Come si dice lottery pick in giapponese?

In coppia con il francese Kim Tillie (al momento ai box per infortunio), Hachimura garantisce grande solidità nei pressi del canestro grazie a reattività atletica e un senso del tempo che gli permette di essere estremamente produttivo in difesa del ferro e a rimbalzo, mentre in attacco l’efficienza in area e nelle partenze dal palleggio sta iniziando a fare spazio a un tocco sempre migliore in ottica di allargargli il raggio di azione.

Un giocatore estremamente interessante seppur inglobato in una Conference che non fa certo della competitività la sua caratteristica principale. Una buona preparazione in vista di marzo e del salto in NBA che appare ovvio a questo punto della sua crescita.

Bol Bol - Oregon

Bol Bol non fa nulla per non farsi notare, e come potrebbe in fondo? Difficile evitare di riconoscere i suoi duecentoventicentimetri per un centinaio di chili strizzati dentro felpe Supreme come se fossero appese su una gruccia o il prestigioso nome da principe africano, portato con grazia dal padre Manute in NBA.

Bol Jr., o Bol al quadrato che dir si voglia, ha la stessa struttura da giunco del compianto genitore, ma non è un semplice protettore del ferro: al contrario, possiede uno skillset davvero unico e intrigante. Alto e lungo ma capace di palleggiare come un play e tirare come una guardia, il nuovo idolo di Eugene, Oregon, è un unicorno light, uno stretch-5 che dovrà imparare a reggere i contatti fisici con i muscoli dei lunghi NBA. Bol ha dei piedi impressionanti per l’altezza che devono portare in giro e un tocco di palla soffice sia intorno al ferro che quando mostra il range di tiro, l’attrattiva principale del talento di Bol.

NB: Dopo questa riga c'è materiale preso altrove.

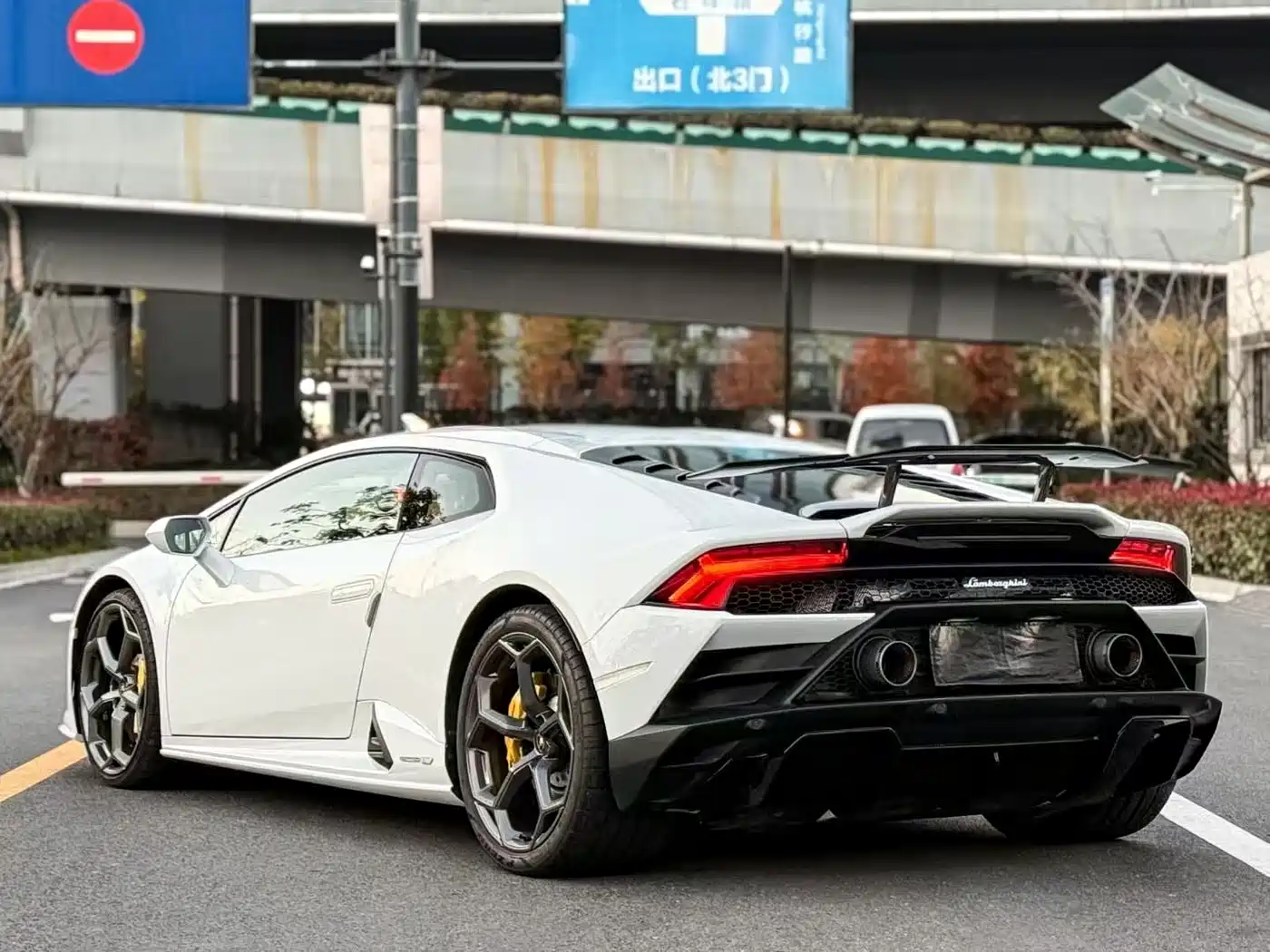 Lamborghini Huracán 2020 Huracán EVO RWD фото 6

Così lungo e dinoccolato, con degli stecchini al posto delle gambe, è un giocatore davvero molto difficile da inquadrare in prospettiva basket professionistico, a metà tra un talento rivoluzionario e uno che non può stare in campo. Potrebbe davvero esplodere e andare in alta lottery o alzare dubbi sulla sua fragilità fisica e scegliere di passare un altro anno ad Oregon. Non che quest’ultima opzione gli dispiacerebbe più di troppo, visto che ha scelto l’Ateneo dov’è nata Nike anche e soprattutto per le scarpe personalizzate. Intanto quest’anno può partire da un nuovo paio di Jordan 3 tutte duckate, e scusate se è poco.